Table of Contents
The market landscape for object storage has been changing quickly and radically. The S3 protocol is now a standard for many applications, and developers are adopting it for a growing number of use cases. Object stores evolved from cheap deep storage repositories to solutions that can support multiple workloads and applications concurrently. Even though object storage performance cannot be compared to that of file and block storage, the latest iterations of the technology demonstrated that it can indeed be used for high-performance applications. (Note that a separate Radar report on high-performance object storage is available as well.)
The most critical evaluation metrics remain $/GB and scalability but, as a result of changing user needs, efficiency and flexibility are becoming equally important. In fact, the market saw an increase in use cases and user needs, including multitenancy and performance, that directly impacted these.
Users started to take advantage of object storage directly as a primary target for most applications that require storing large amounts of data. For example, many backup products are now able to use object storage as the primary repository and make the most of its object immutability characteristics for enhanced security. The same goes for data analytics products, which can now use object stores to access active data. Furthermore, it is clear that part of the growth in enterprise object storage in the last year, both public and private, is attributable to the many digital transformation initiatives that enterprises started because of the COVID-19 pandemic. In such cases, object storage is the best choice because of its accessibility characteristics compared to other solutions.

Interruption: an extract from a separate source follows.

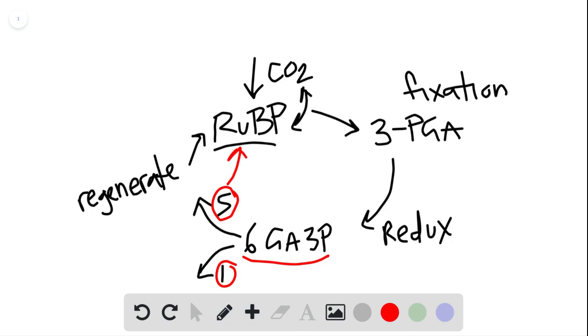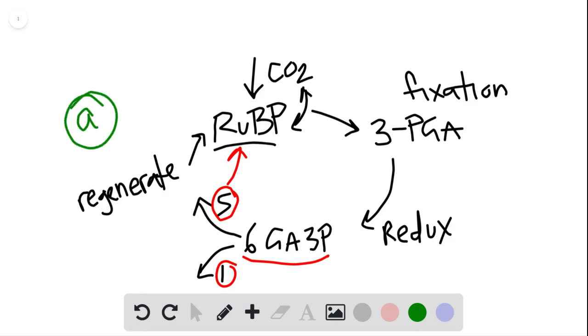So the other product is this regeneration of these five into another RuBP. So the two products here are the glyceraldehyde 3-phosphate and the RuBP. So our answer we're looking for as far as products of the Calvin cycle go is...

It is also important to note that object stores are becoming a common data service deployed on top of or alongside Kubernetes. This is another sign of the changed role that object storage is taking on in many IT infrastructures.

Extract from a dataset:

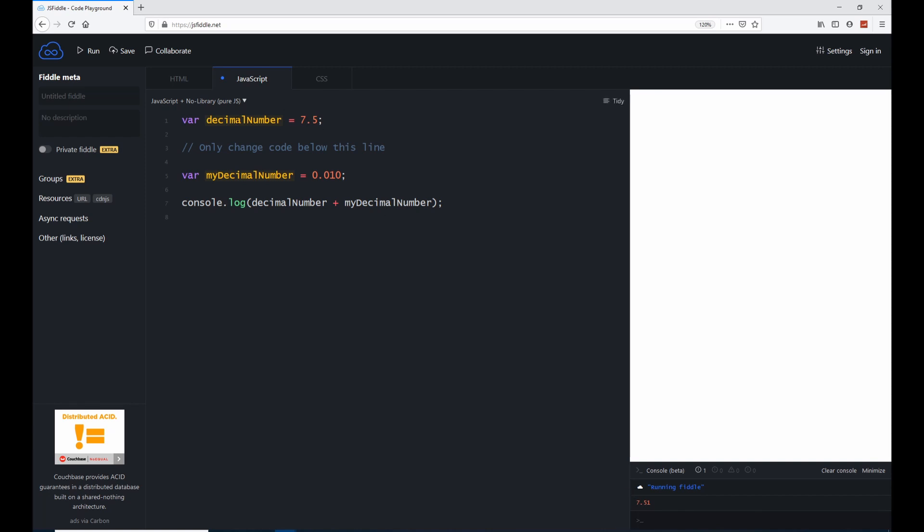Why? Because decimal number is 7.5, and my decimal number has a value of 0.010, so the addition of these two is 7.51.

These new directions brought about several challenges in product development. Vendors now need to offer optimizations for small files, advanced analytics, better ease of use, and a lower entry point for their solutions, while keeping the system balanced for traditional, less interactive workloads. In fact, with the need to efficiently manage large numbers of small files, hybrid and all-flash clusters became more common, though many vendors are not yet ready to provide the necessary optimizations to take advantage of this media or, in some cases, to provide enough flexibility for data movement across tiers in relatively small systems. To adequately respond to these new challenges, several vendors are currently navigating a transition phase, with the goal of rearchitecting their solutions to become more Kubernetes-friendly and better optimized for next-generation workloads and needs.
How to Read this Report
This GigaOm report is one of a series of documents that helps IT organizations assess competing solutions in the context of well-defined features and criteria. For a fuller understanding consider reviewing the following reports:
Key Criteria report: A detailed market sector analysis that assesses the impact that key product features and criteria have on top-line solution characteristics—such as scalability, performance, and TCO—that drive purchase decisions.
GigaOm Radar report: A forward-looking analysis that plots the relative value and progression of vendor solutions along multiple axes based on strategy and execution. The Radar report includes a breakdown of each vendor’s offering in the sector.
Vendor Profile: An in-depth vendor analysis that builds on the framework developed in the Key Criteria and Radar reports to assess a company’s engagement within a technology sector. This analysis includes forward-looking guidance around both strategy and product.